Segment Start: Data extract

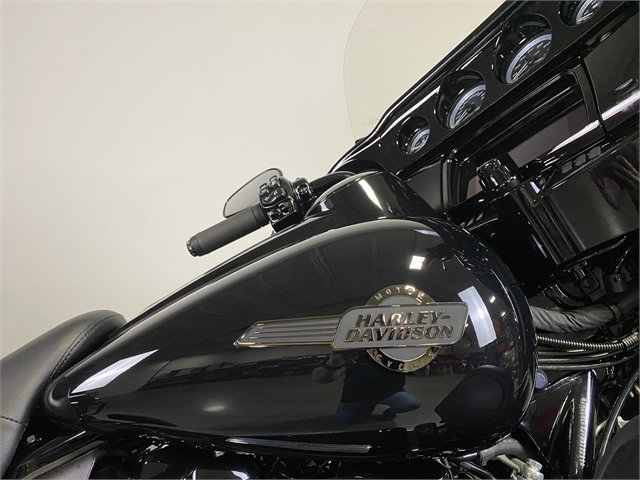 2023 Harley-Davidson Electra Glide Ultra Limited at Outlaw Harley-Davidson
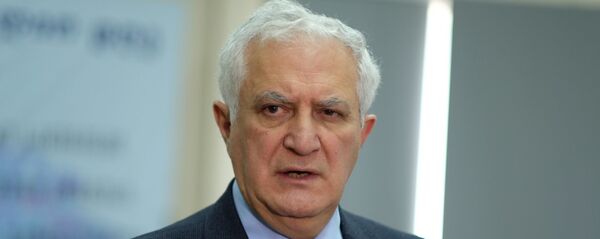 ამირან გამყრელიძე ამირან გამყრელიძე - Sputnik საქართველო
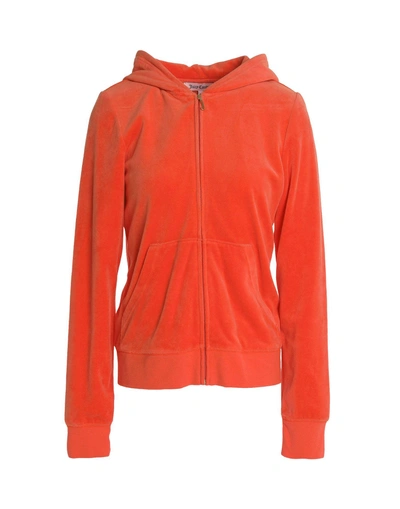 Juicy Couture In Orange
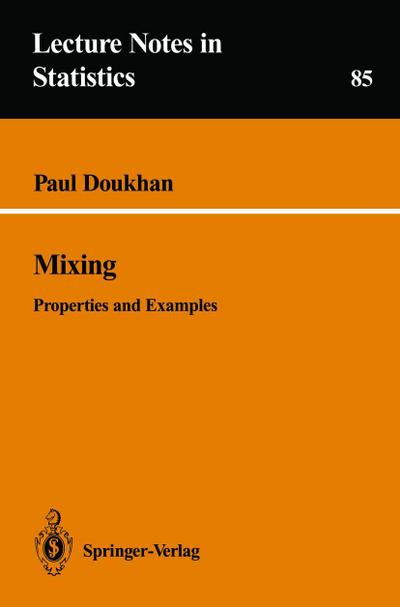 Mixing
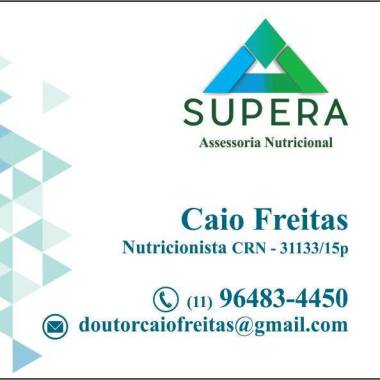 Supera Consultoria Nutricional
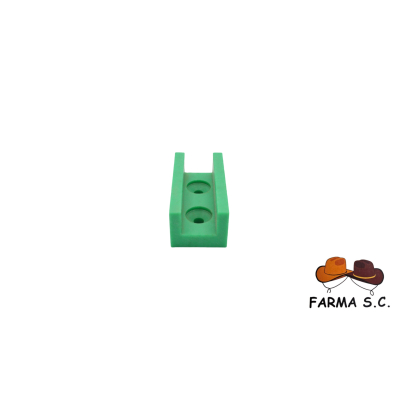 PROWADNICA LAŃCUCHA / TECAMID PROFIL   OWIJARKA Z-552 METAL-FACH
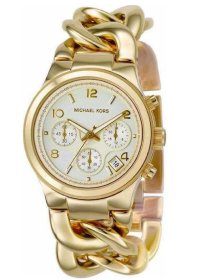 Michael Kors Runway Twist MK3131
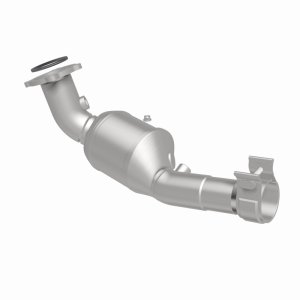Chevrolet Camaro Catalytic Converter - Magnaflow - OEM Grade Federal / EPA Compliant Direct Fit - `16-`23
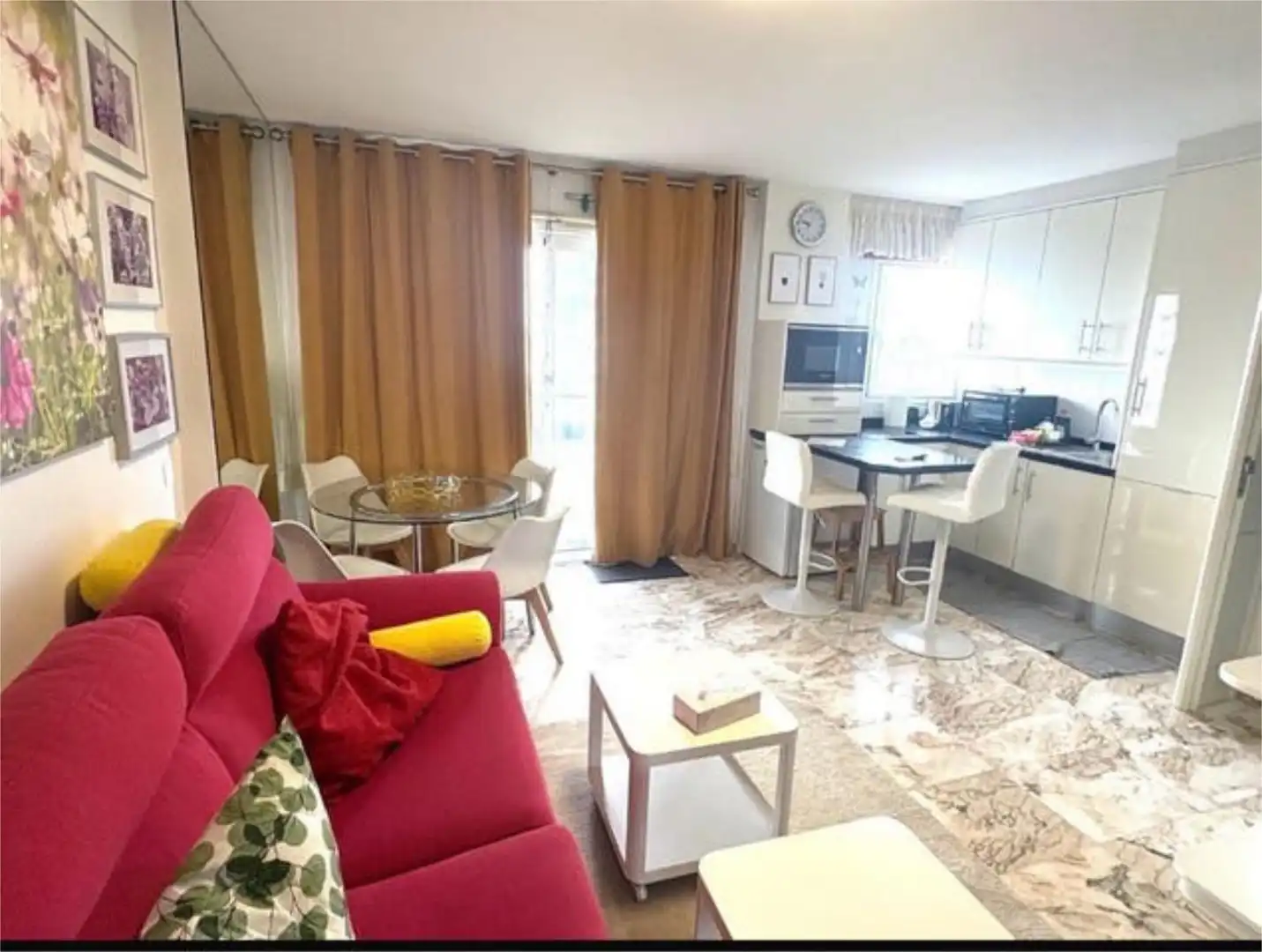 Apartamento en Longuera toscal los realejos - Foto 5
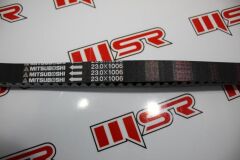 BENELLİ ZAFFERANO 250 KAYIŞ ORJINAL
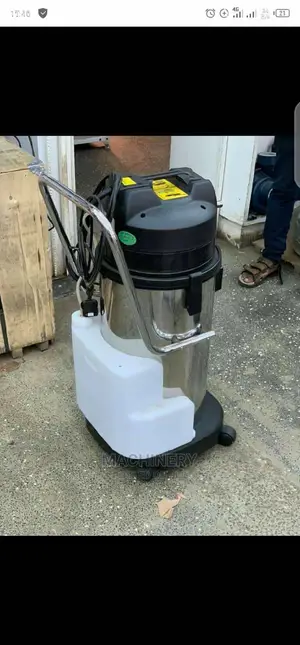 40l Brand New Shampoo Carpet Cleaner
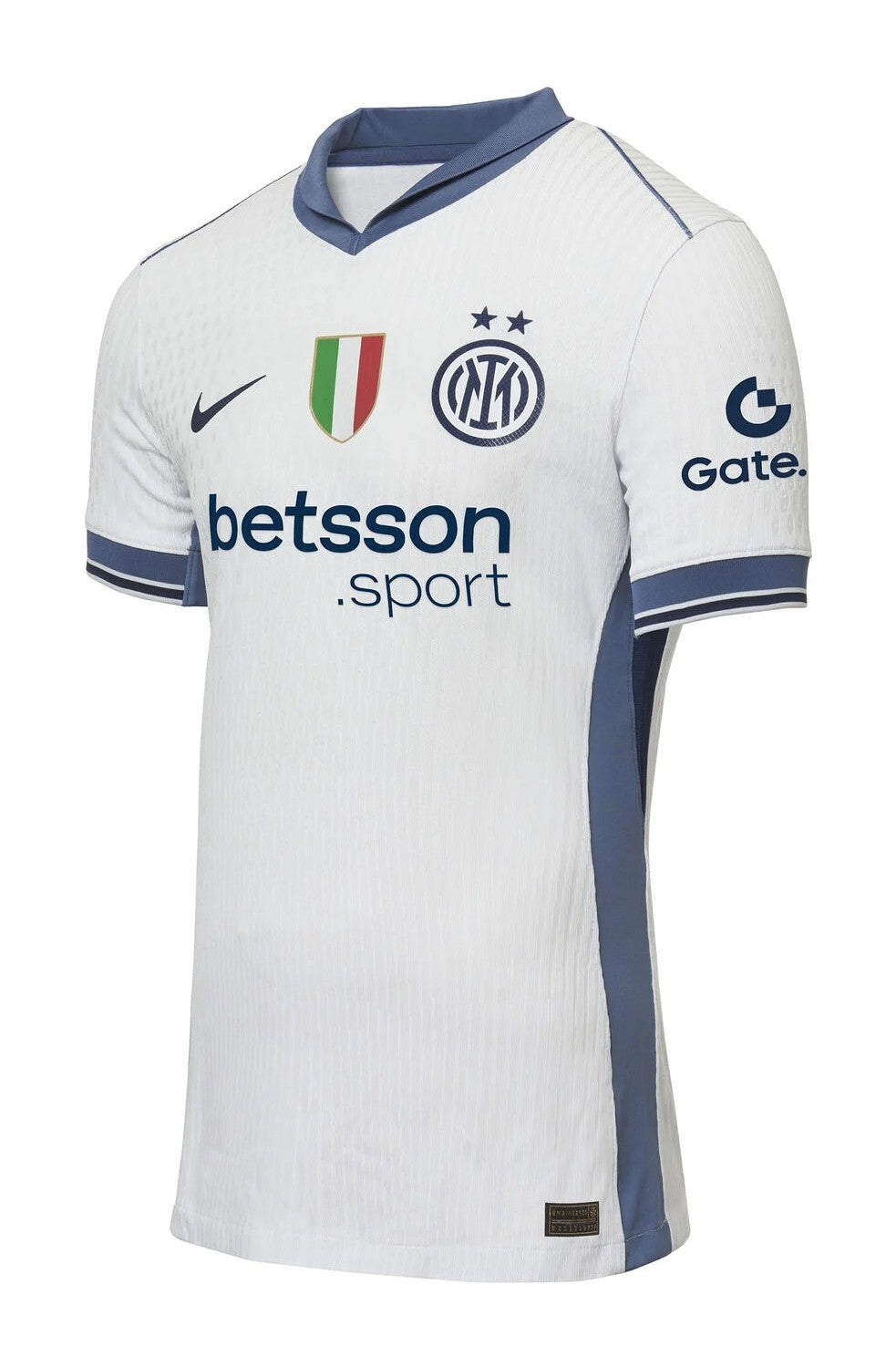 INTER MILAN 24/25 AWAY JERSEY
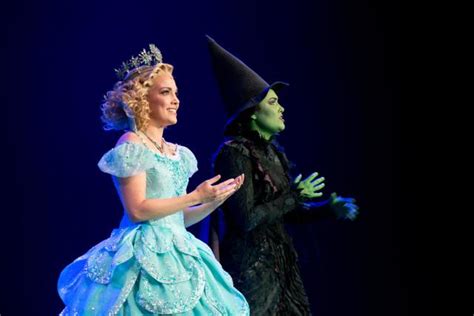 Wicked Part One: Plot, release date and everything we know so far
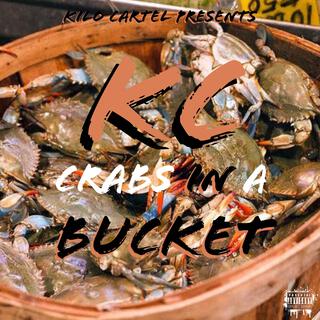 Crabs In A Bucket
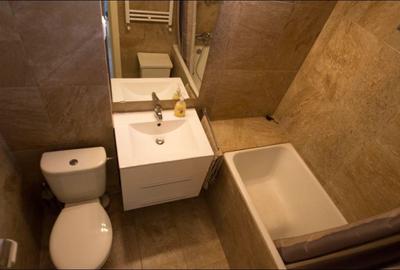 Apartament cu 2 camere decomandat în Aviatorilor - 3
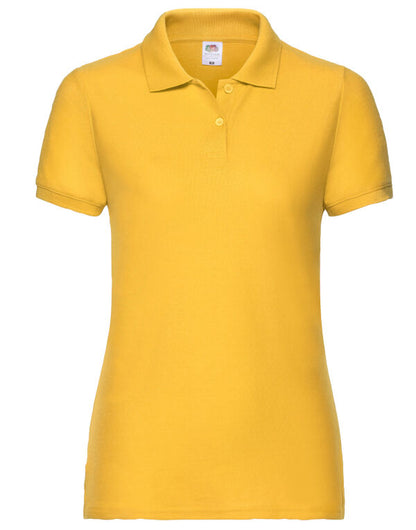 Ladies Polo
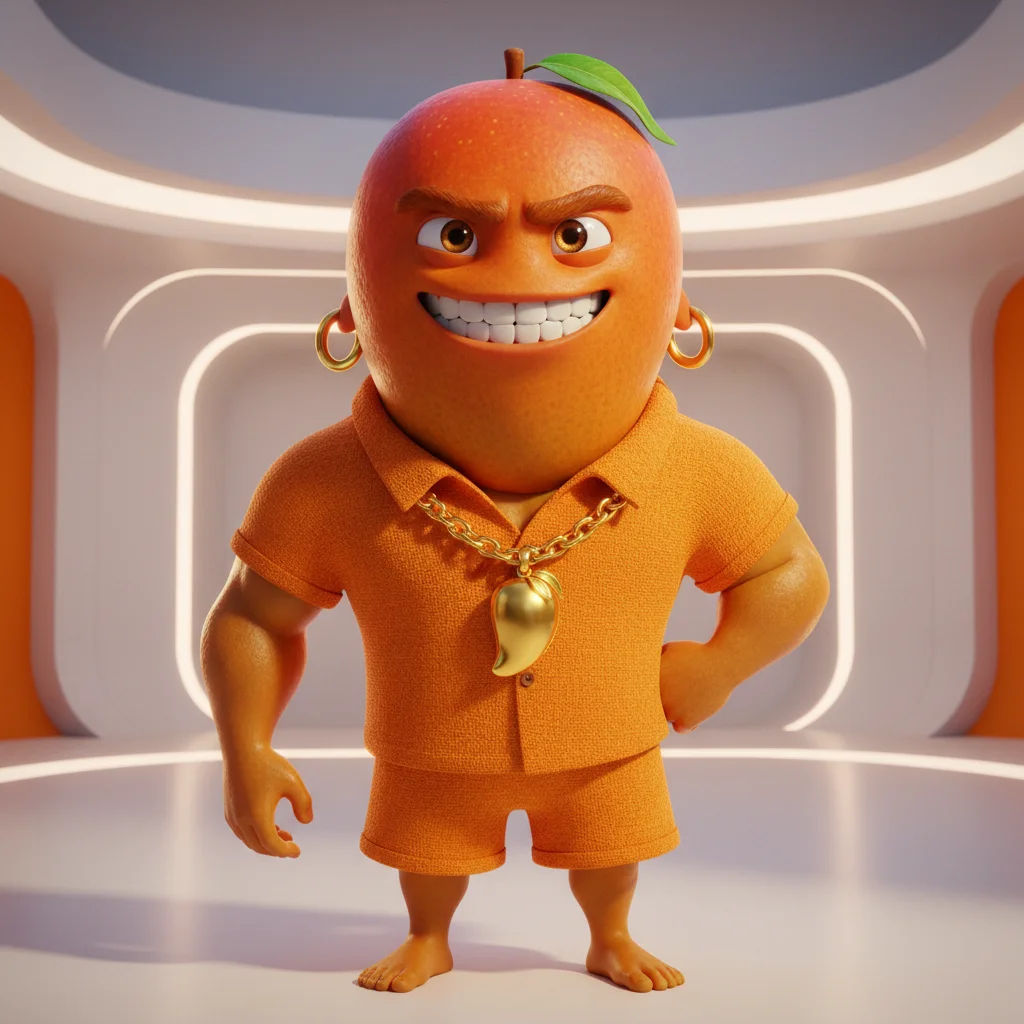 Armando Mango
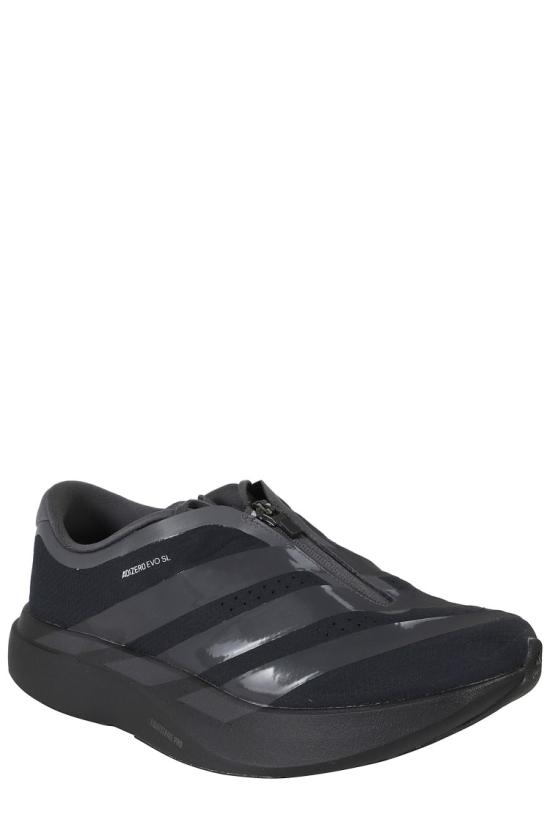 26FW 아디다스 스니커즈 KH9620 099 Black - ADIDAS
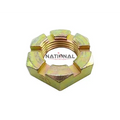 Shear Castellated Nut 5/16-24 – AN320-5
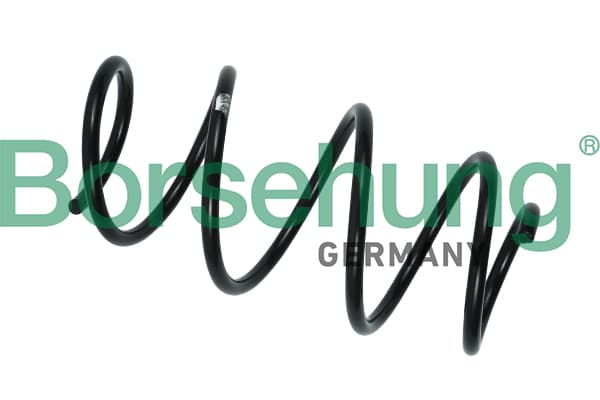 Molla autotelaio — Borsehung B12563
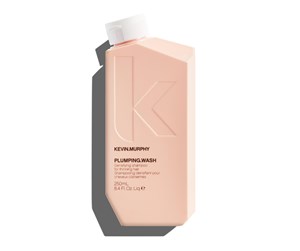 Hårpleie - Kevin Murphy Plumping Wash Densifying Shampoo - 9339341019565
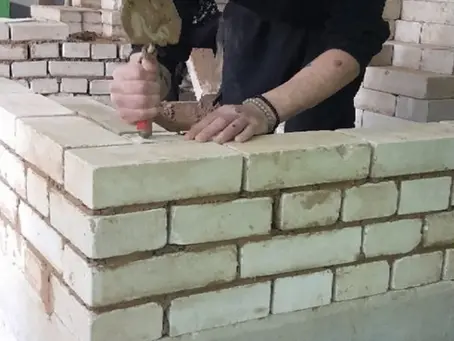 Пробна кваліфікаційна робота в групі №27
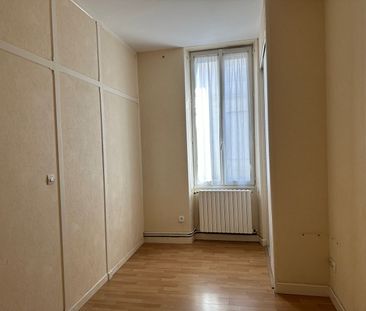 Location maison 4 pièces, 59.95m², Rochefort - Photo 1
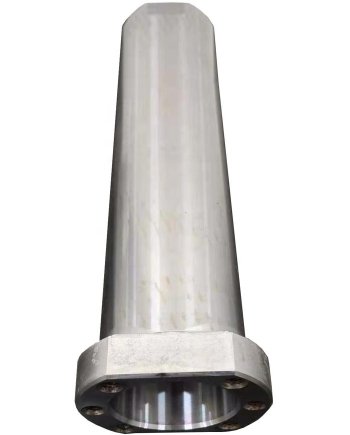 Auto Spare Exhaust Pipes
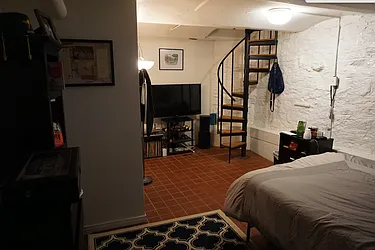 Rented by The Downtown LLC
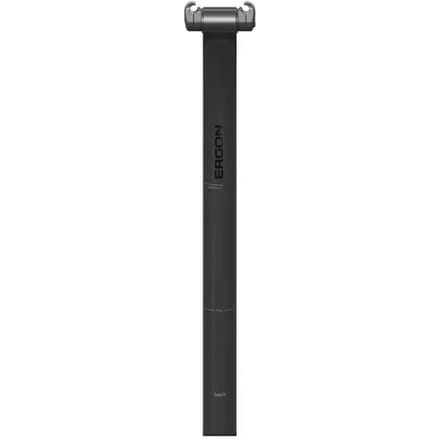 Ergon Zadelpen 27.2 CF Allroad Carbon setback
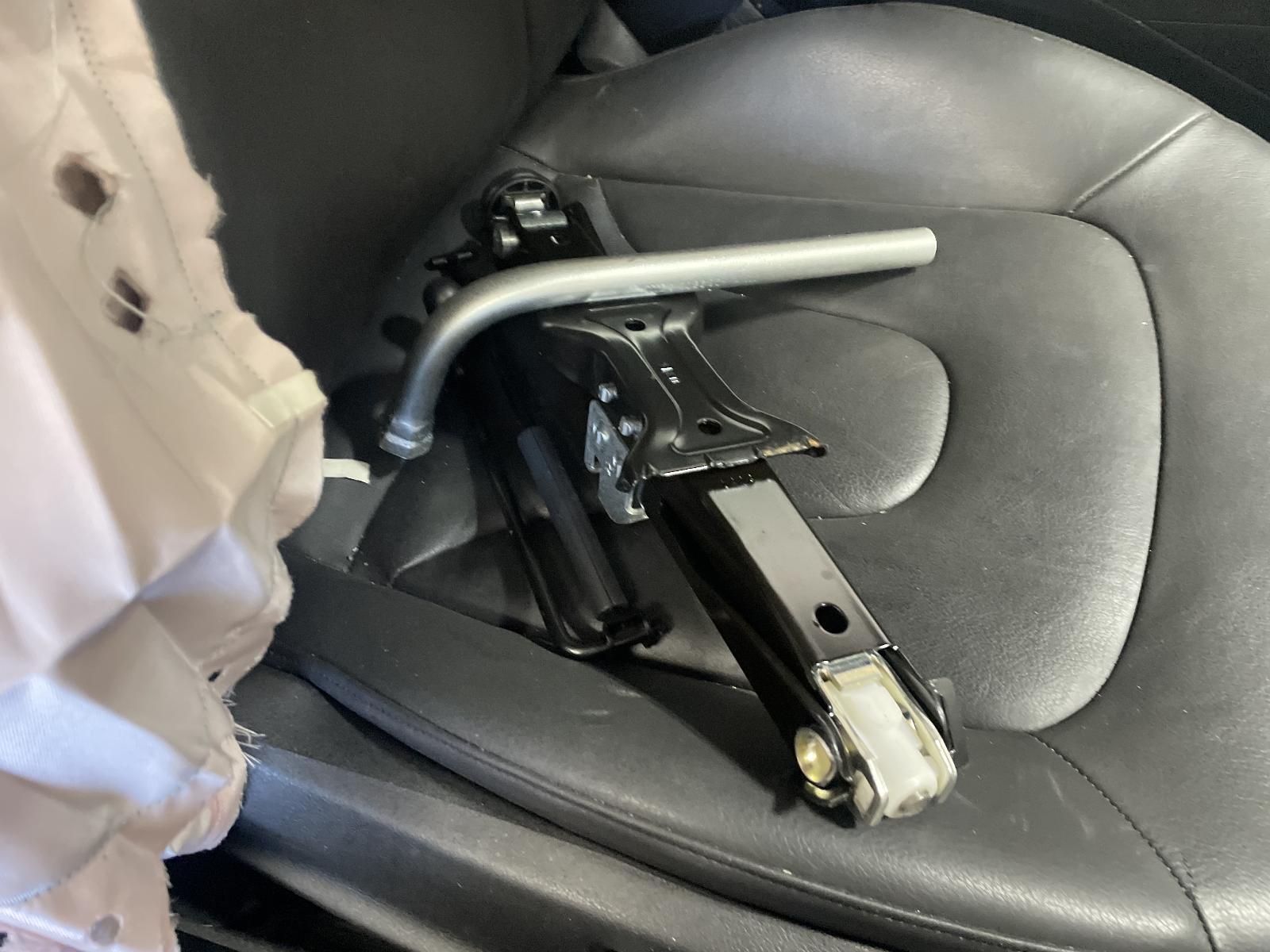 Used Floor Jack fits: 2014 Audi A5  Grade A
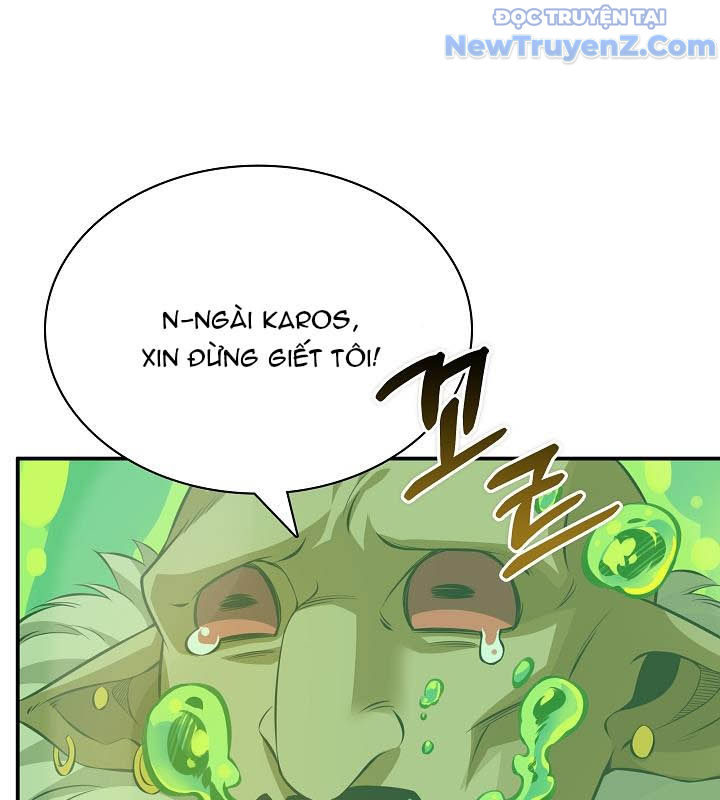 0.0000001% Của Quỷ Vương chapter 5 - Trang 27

Segment End: Data extract

Work task: Each entry above must be duplicated precisely; none of the pictures may be included.

Task output:
 2023 Harley-Davidson Electra Glide Ultra Limited at Outlaw Harley-Davidson
 ამირან გამყრელიძე ამირან გამყრელიძე - Sputnik საქართველო
 Juicy Couture In Orange
 Mixing
 Supera Consultoria Nutricional
 PROWADNICA LAŃCUCHA / TECAMID PROFIL   OWIJARKA Z-552 METAL-FACH
 Michael Kors Runway Twist MK3131
Chevrolet Camaro Catalytic Converter - Magnaflow - OEM Grade Federal / EPA Compliant Direct Fit - `16-`23
 Apartamento en Longuera toscal los realejos - Foto 5
 BENELLİ ZAFFERANO 250 KAYIŞ ORJINAL
 40l Brand New Shampoo Carpet Cleaner
 INTER MILAN 24/25 AWAY JERSEY
 Wicked Part One: Plot, release date and everything we know so far
 Crabs In A Bucket
 Apartament cu 2 camere decomandat în Aviatorilor - 3
 Ladies Polo
 Armando Mango
 26FW 아디다스 스니커즈 KH9620 099 Black - ADIDAS
 Shear Castellated Nut 5/16-24 – AN320-5
 Molla autotelaio — Borsehung B12563
 Hårpleie - Kevin Murphy Plumping Wash Densifying Shampoo - 9339341019565
 Пробна кваліфікаційна робота в групі №27
 Location maison 4 pièces, 59.95m², Rochefort - Photo 1
 Auto Spare Exhaust Pipes
 Rented by The Downtown LLC
 Ergon Zadelpen 27.2 CF Allroad Carbon setback
 Used Floor Jack fits: 2014 Audi A5  Grade A
 0.0000001% Của Quỷ Vương chapter 5 - Trang 27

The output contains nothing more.